Toni menambahkan, sejumlah saksi juga telah memberikan kesaksiannya bahwa Pegi Setiawan berada di Bandung saat kejadian pembunuhan Vina. Namun, tim penyidik masih tetap bersikukuh menyatakan Pegi Setiawan sebagai tersangka.
‘’Makanya kami coba ajukan gelar pekara khusus ke Bareskrim Polri, tujuannya supaya terang benderang,’’ tukas Toni.
Pegi dites secara maraton, dari psikologi hingga poligraf. Baca di halaman selanjutnya.
Pegi Setiawan, tersangka kasus pembunuhan Vina dan Eky di Cirebon tahun 2016 silam harus menjalani beberapa ujian dari penyidik. Pekan ini, ia bakal menjalani tes poligraf atau kebohongan pekan ini di Polda Jawa Barat (Jabar). Ia sebelumnya juga telah menjalani tes psikologi terkait intelijensi, afeksi, dan psikomotor.
"Ada informasi dari pak kanit akan pemeriksaan poligraf, itu untuk mengetahui kebohongan akan dilaksanakan Rabu," ucap kuasa hukum Pegi Setiawan, Toni RM kepada media massa belum lama ini.
Ia mengaku bakal menunggu surat panggilan pemeriksaan resmi dari penyidik Polda Jawa Barat. Toni menjelaskan, kliennya telah menjalani tes psikologi.
"Psikolog menjelaskan pemeriksaan untuk tersangka Pegi Setiawan berkaitan dengan intelijensi kecerdasan kognitif otak, kedua afeksi menjabarkan suatu perasaan mendapatkan respons yang baik, ketiga motorik melihat memeriksa pengendalian pengaturan fungsi organ tubuh," kata dia.
Ia menuturkan, para psikolog melakukan tes menggunakan lima alat.
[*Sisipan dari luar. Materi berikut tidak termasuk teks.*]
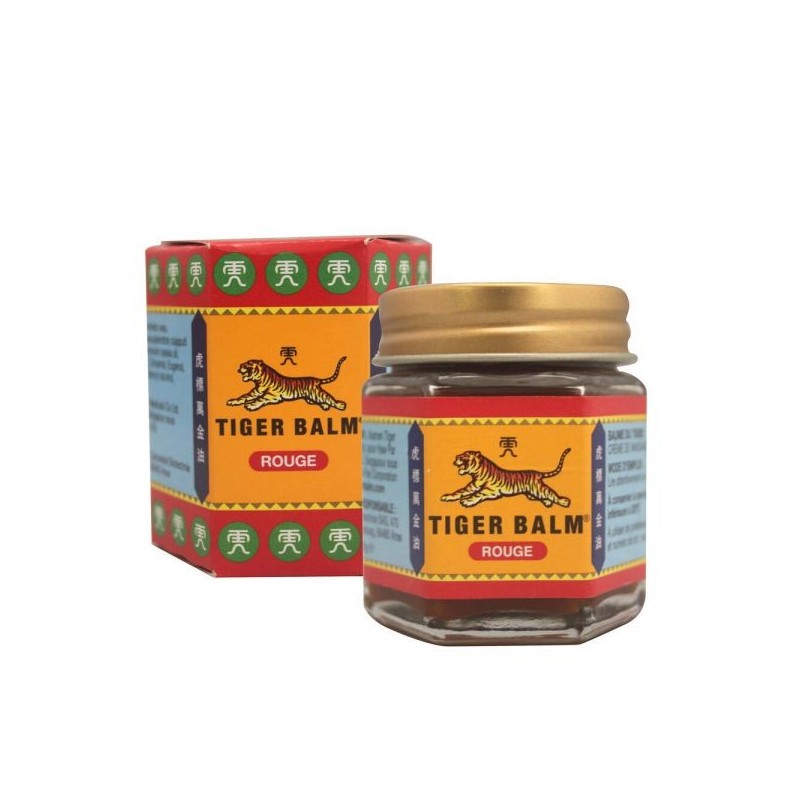 Baume du Tigre Rouge Pot de 30 g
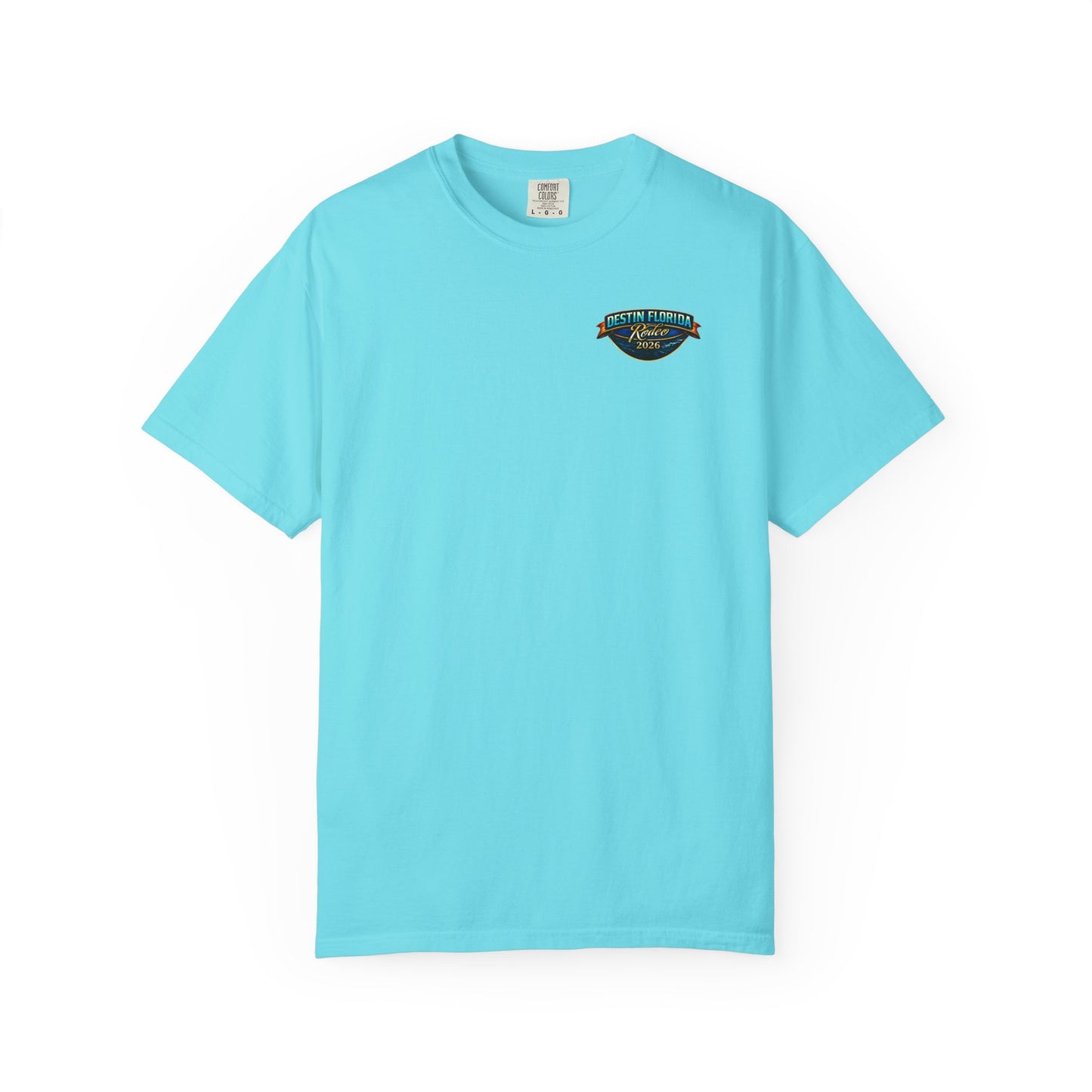 Sunset Strike – Destin Fishing Rodeo 2026 Official Tee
Namun, pihaknya tidak mendapatkan penjelasan mengenai alat yang digunakan oleh psikolog.
Toni menegaskan bahwa sosok Pegi Setiawan merupakan orang baik dan ramah. Ia mendapatkan kesimpulan tersebut setelah menjalani interaksi dengan yang bersangkutan. "Pegi Setiawan baik, ramah, dan tegar. Saya tanya nyambung," kata dia.
Kasus pembunuhan Vina dan Rizky kembali viral setelah muncul film yang mengangkat kasus tersebut dengan judul 'Vina: Sebelum Tujuh Hari'. Warganet menyoroti tiga orang pelaku yang masih buron kurang lebih delapan tahun.
Polisi pun bergerak menyelidiki kasus tersebut hingga akhirnya menangkap satu orang dari tiga orang pelaku buron yaitu Pegi alias Perong atau Pegi Setiawan. Sedangkan dua pelaku lainnya yang masih buron diralat kepolisian dan dinyatakan fiktif. Polisi menyebut hanya terdapat satu buron yaitu Pegi.
Delapan orang terpidana lainnya telah dijatuhi hukuman penjara yaitu tujuh orang dijatuhi hukuman penjara seumur hidup dan satu anak di bawah umur dijatuhi hukuman 8 tahun dan telah bebas.